Sin embargo, lograr que los países en desarrollo limiten voluntariamente su consumo energético no será fácil —ni debería serlo. Al final de cuentas sus emisiones per cápita son un quinto la de los países ricos. Como indica el economista Robert Samuelson, “el uso de energía sostiene el crecimiento económico, el cual —en todas las sociedades modernas— apuntala la estabilidad social y política”. Los gobiernos de estas naciones están conscientes de que reducir el uso de fuentes de energía baratas tendrá un impacto sumamente negativo en su desarrollo económico.
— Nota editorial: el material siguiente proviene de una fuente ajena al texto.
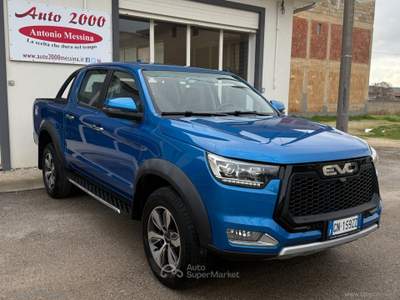 Evo Cross 4 Cross 4 2.0 Turbo Diesel DC Blu/Azzurro usata Barrafranca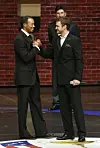 Justin Timberlake i Tiger Woods 2012. godine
Ya Europa está enfrentando los crecientes costos económicos de limitar las emisiones de C02. Un reportaje reciente del Washington Post da fe sobre los efectos no deseados del sistema de comercio de carbono: electricidad más cara, desempleo y pérdida de competitividad. Algunas empresas europeas están considerando mover sus operaciones a países en desarrollo que no cuentan con estas regulaciones. Esto da paso a un escenario aún más peligroso: que las naciones desarrolladas amenacen con imponer altos aranceles a los productos industriales de los países que no participen en un acuerdo post-Kyoto. Ya la idea fue sugerida por Francia en la última Conferencia de las Naciones Unidas sobre Cambio Climático, y es probable que tome fuerza conforme la pérdida de competitividad europea se acelere y el tema del calentamiento global aumente en relevancia.

Es probable que una medida de este tipo sea ilegal bajo el marco de los acuerdos de la Organización Mundial del Comercio (OMC) que prohíben el trato discriminatorio entre los productos similares de diferentes países. Sin embargo, la OMC también deja la puerta abierta a la adopción de medidas comerciales tendientes a proteger los recursos naturales y la salud humana, siempre y cuando éstas “no sean implementadas en una manera que constituya un medio de discriminación arbitrario o injustificable…o una restricción solapada al comercio internacional”. Algunos expertos sostienen que un tratado internacional podría satisfacer este requisito.

Las consecuencias de dicho escenario son muy graves. Los países en desarrollo podrían tomar represalias ante las medidas arancelarias de las naciones ricas, lo cual daría paso a una guerra comercial generalizada. Peor aún, la OMC perdería su autoridad ante los ojos del mundo, especialmente los países pobres. Esto es aún más factible si la prometida liberalización comercial agrícola bajo la Ronda de Doha nunca fructifica —debido principalmente a la resistencia de Estados Unidos y Europa a reducir sus subsidios agrícolas y abrir sus mercados, respectivamente.

Más que enfriar el planeta —o al menos detener su calentamiento— los esfuerzos por controlar las emisiones de CO2 tienen el potencial de enfriar el proceso de globalización que ha sacado de la pobreza a cientos de millones de personas en las últimas décadas. Es importante que no perdamos de vista esta posibilidad cuando analicemos las propuestas de control climático que están sobre la mesa.